When the issue has occured, it takes a few times to restart Nagios (service stop nagios, gearmand, nagiosxi, ndo2db, mysqld, then start in the reverses order). Initially after the event queue will indicate that events are being passed, but after a couple of minutes, the events start bunching up, and failing with the orphaned message.

I'm not sure why it settles down (maybe because I restart everything 3 times..) but after restarting the services a number of times, it seems to settle down & gain some stability.

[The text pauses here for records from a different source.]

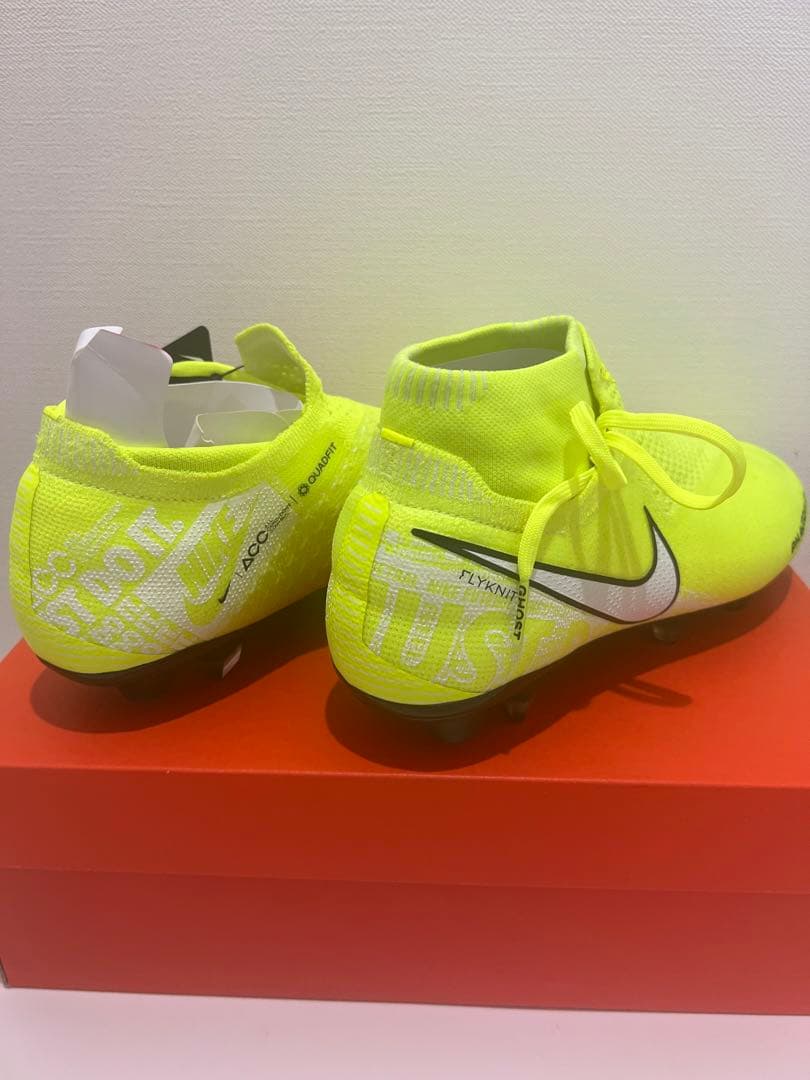 【値引相談可】ナイキ　ファントムVSNエリート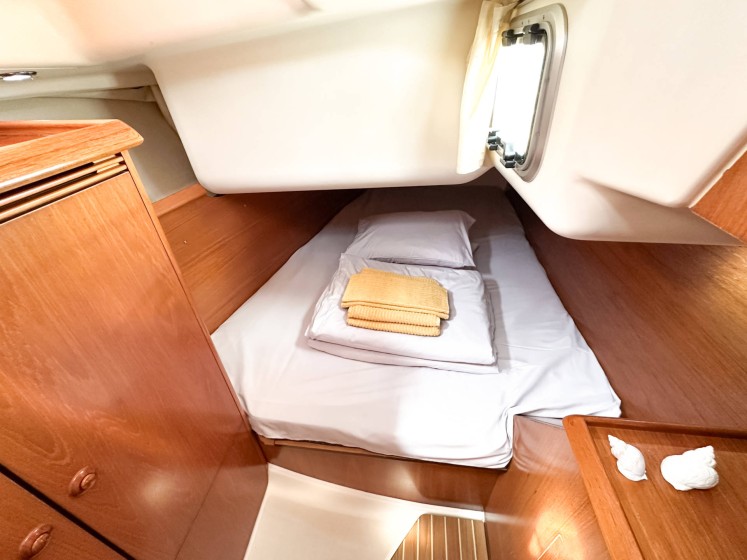 Sun Odyssey 40.3 - Boatscribe.com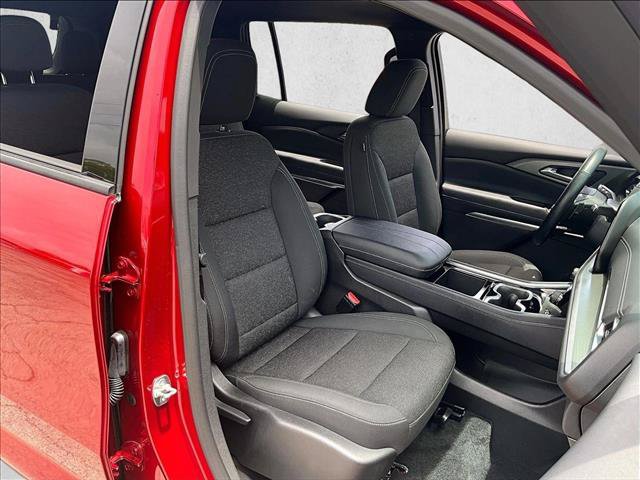Used 2025 Chevrolet Traverse LT FWD image 9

To Troubleshoot, have made the following changes:

- Upgraded to 2012r2.9
- followed the orphaned checks section form the support wiki,
- nagios.conf - use_retained_scheduling_info=0 (This seemed to distribute the checks more evenly)
- /etc/mod_gearman/mod_gearman_neb.conf - use_uniq_jobs=off


The issue seems to take at least a 24-72hrs to surface, so at the moment am waiting.

Here is a current pic of the Event Queue:
currentEventQueue.jpg
Previously the graph was quite a sharp sawtooth type pattern

Appreciate any advice

Thanks

Lincoln
You do not have the required permissions to view the files attached to this post.
Last edited by lance on Tue Feb 18, 2014 2:44 pm, edited 1 time in total.
User avatar
BanditBBS
Posts: 2474
Joined: Tue May 31, 2011 12:57 pm
Location: Scio, OH
Contact:

Re: Nagios XI Event queue stalling? (Mod Gearman)

Post by BanditBBS »

I had an issue this past weekend after some network outage. After restarts of all the workers and the nagios process most were still orphaned. I rebooted NagiosXI and then half came back up fine. After that, I ended up having to reschedule the next active check of all the individual services and they would work. It just keep saying orphaned every time the check would run until I scheduled manually and then it started working.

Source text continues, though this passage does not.